Repeat exactly what runs from the line containing "SUNEE Academic Planner" through the last line of the material below. Do not copy the pictures.

§ RAW DATA
*** Begin section ***
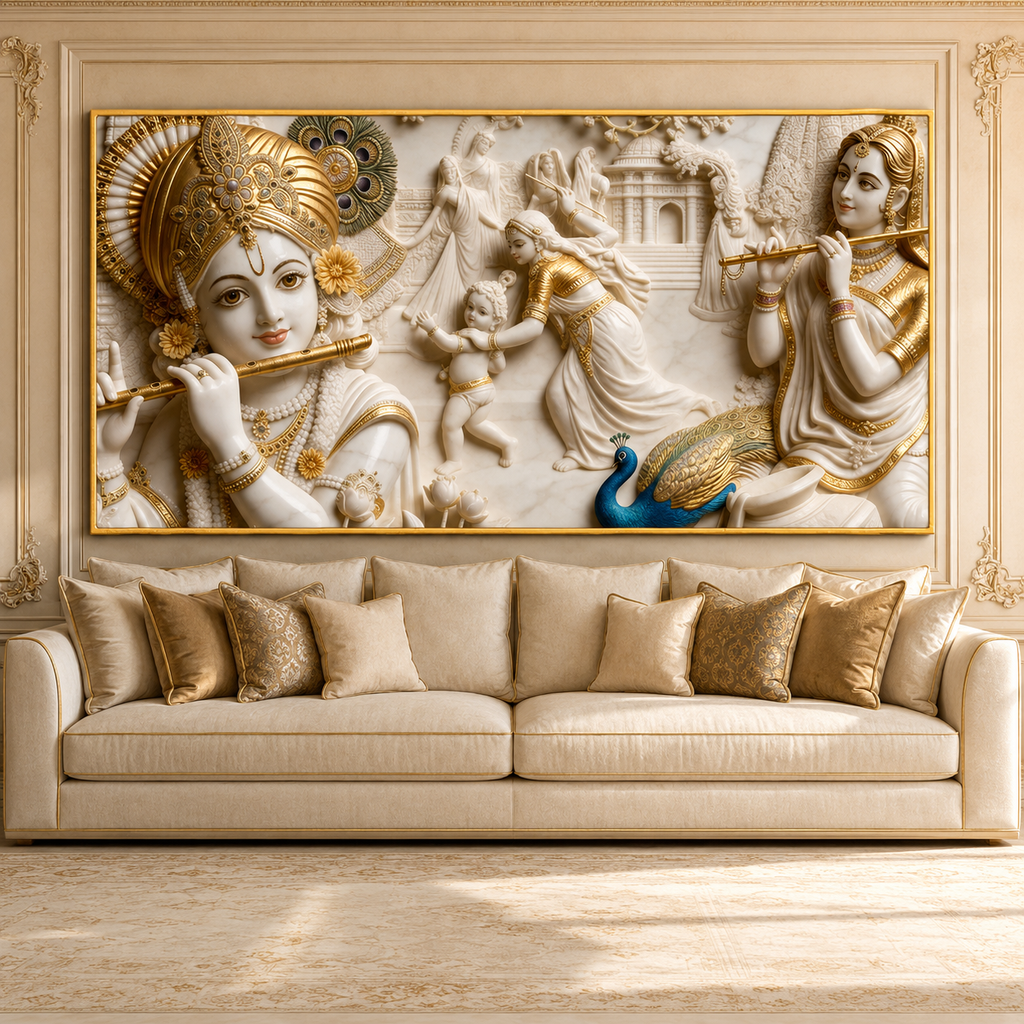 Artistic 3D Lord Krishna Flute and Radha White Gold Canvas Wall Art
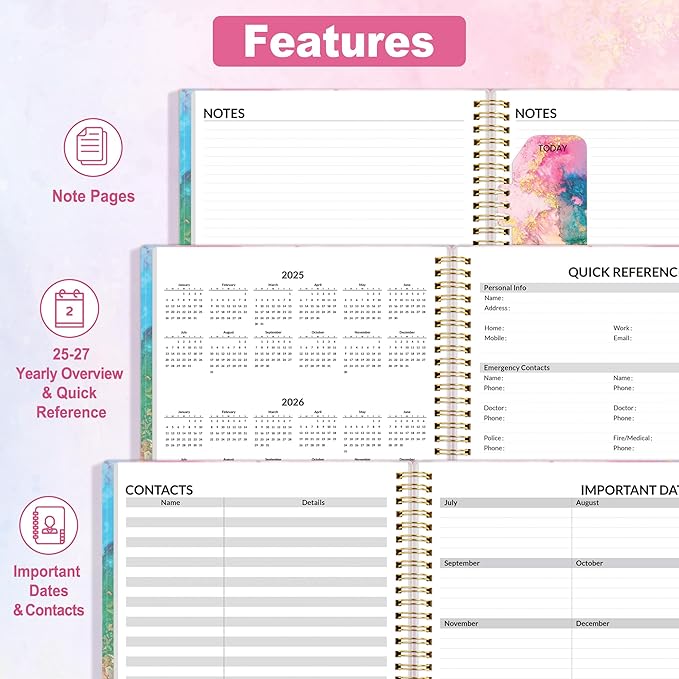 SUNEE Academic Planner 2025-2026 Weekly and Monthly - from July 2025 to June 2026, 6.4"x8.3" School Year Calendar Daily Planner with Monthly Tab, Flexible Cover, Note Pages, Spiral Binding, Marble-CubbioJoy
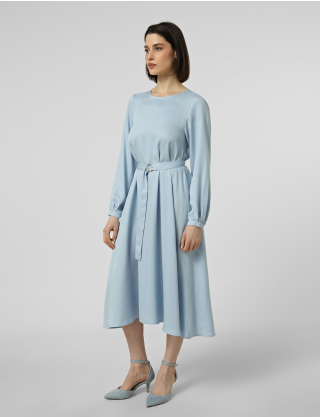 Картинка Блакитна сукня міді з поясом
*** End section ***
§ FINISHED TASK
 SUNEE Academic Planner 2025-2026 Weekly and Monthly - from July 2025 to June 2026, 6.4"x8.3" School Year Calendar Daily Planner with Monthly Tab, Flexible Cover, Note Pages, Spiral Binding, Marble-CubbioJoy
 Картинка Блакитна сукня міді з поясом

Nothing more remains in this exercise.